HOW TO COMPLETE THIS TASK
Copy the material below verbatim from the line with "云南最美小镇图片,云南太平湖森林公园花海" to the line with "Vintage Watch Collection", both lines included, omitting pictures and every line outside that range.

TASK INPUTS
◇ ◇ ◇

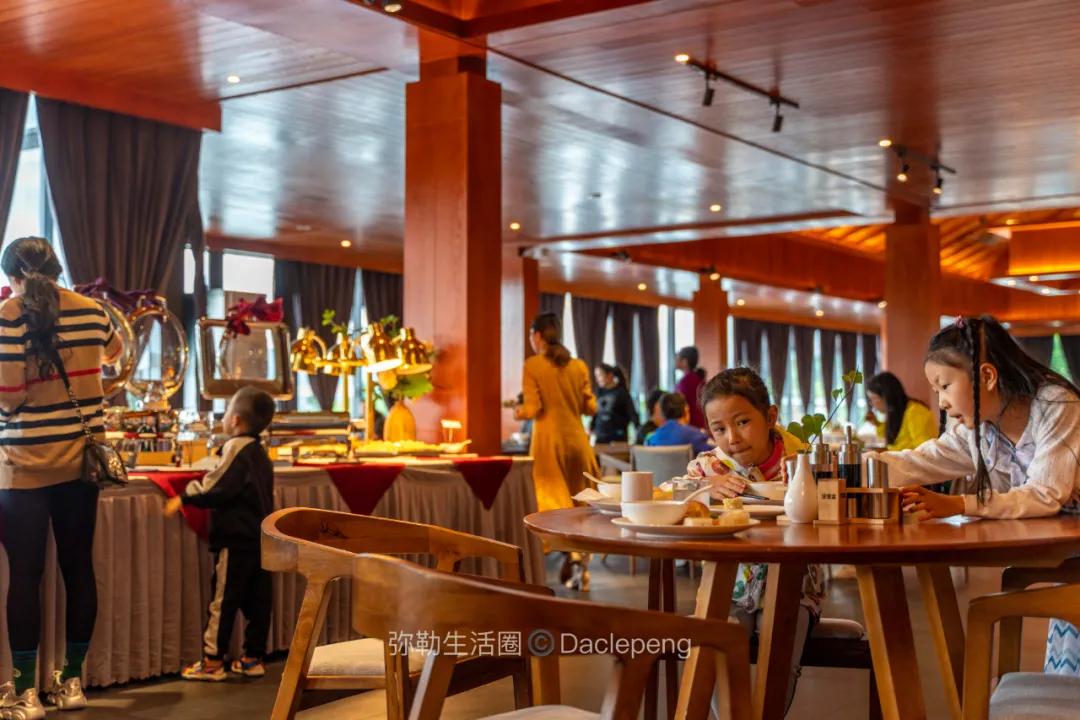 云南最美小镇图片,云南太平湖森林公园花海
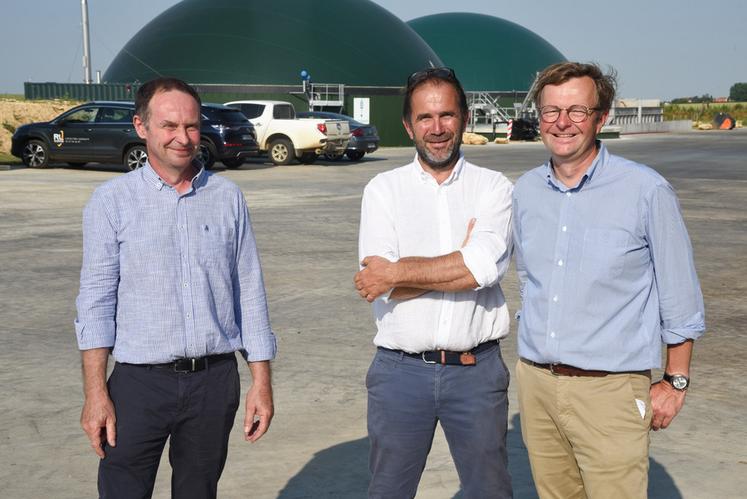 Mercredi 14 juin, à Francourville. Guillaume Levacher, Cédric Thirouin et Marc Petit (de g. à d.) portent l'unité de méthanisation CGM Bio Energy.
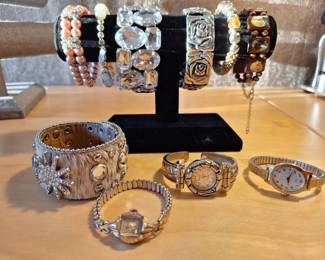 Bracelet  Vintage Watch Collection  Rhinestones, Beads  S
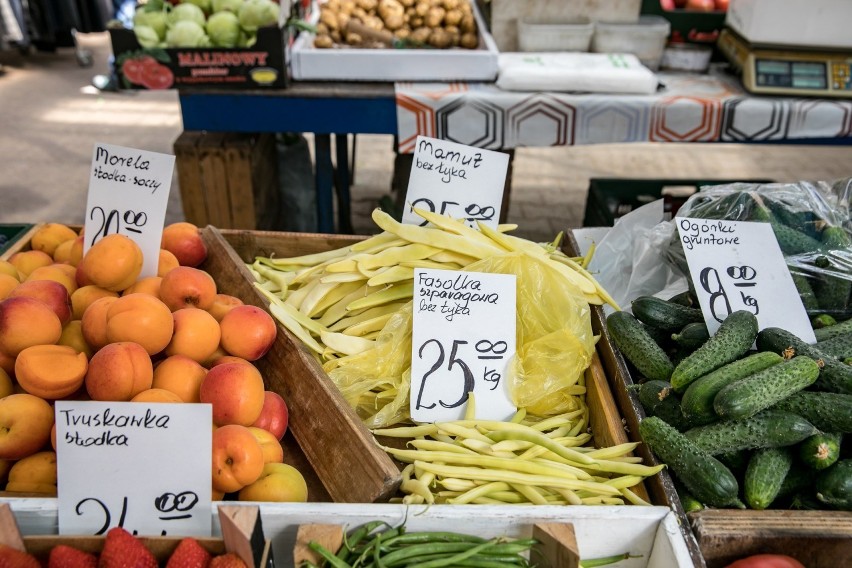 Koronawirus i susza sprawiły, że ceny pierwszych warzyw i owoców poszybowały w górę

◇ ◇ ◇

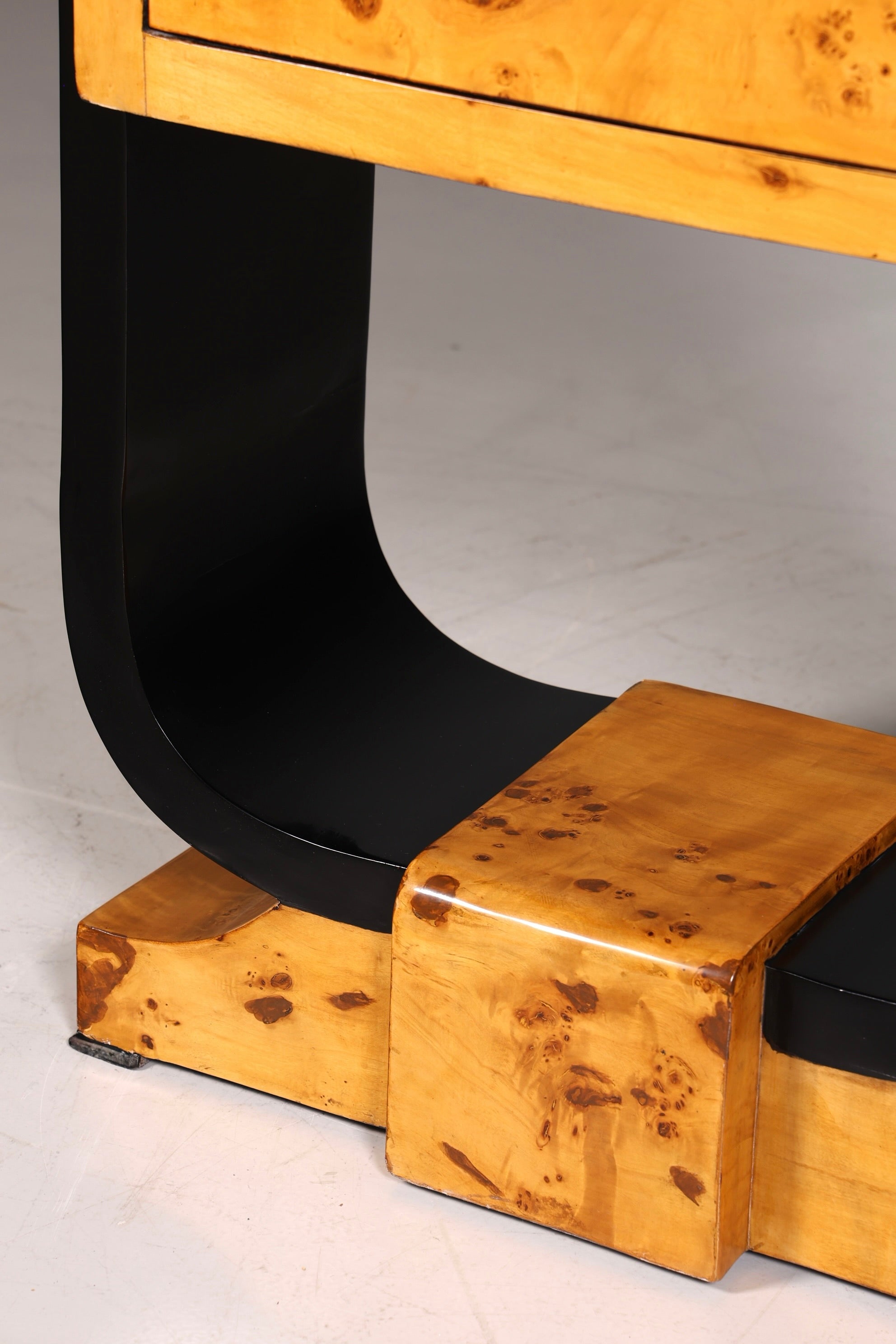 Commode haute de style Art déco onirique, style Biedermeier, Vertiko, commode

◇ ◇ ◇

YOUR SOLUTION
 云南最美小镇图片,云南太平湖森林公园花海
 Mercredi 14 juin, à Francourville. Guillaume Levacher, Cédric Thirouin et Marc Petit (de g. à d.) portent l'unité de méthanisation CGM Bio Energy.
 Bracelet  Vintage Watch Collection  Rhinestones, Beads  S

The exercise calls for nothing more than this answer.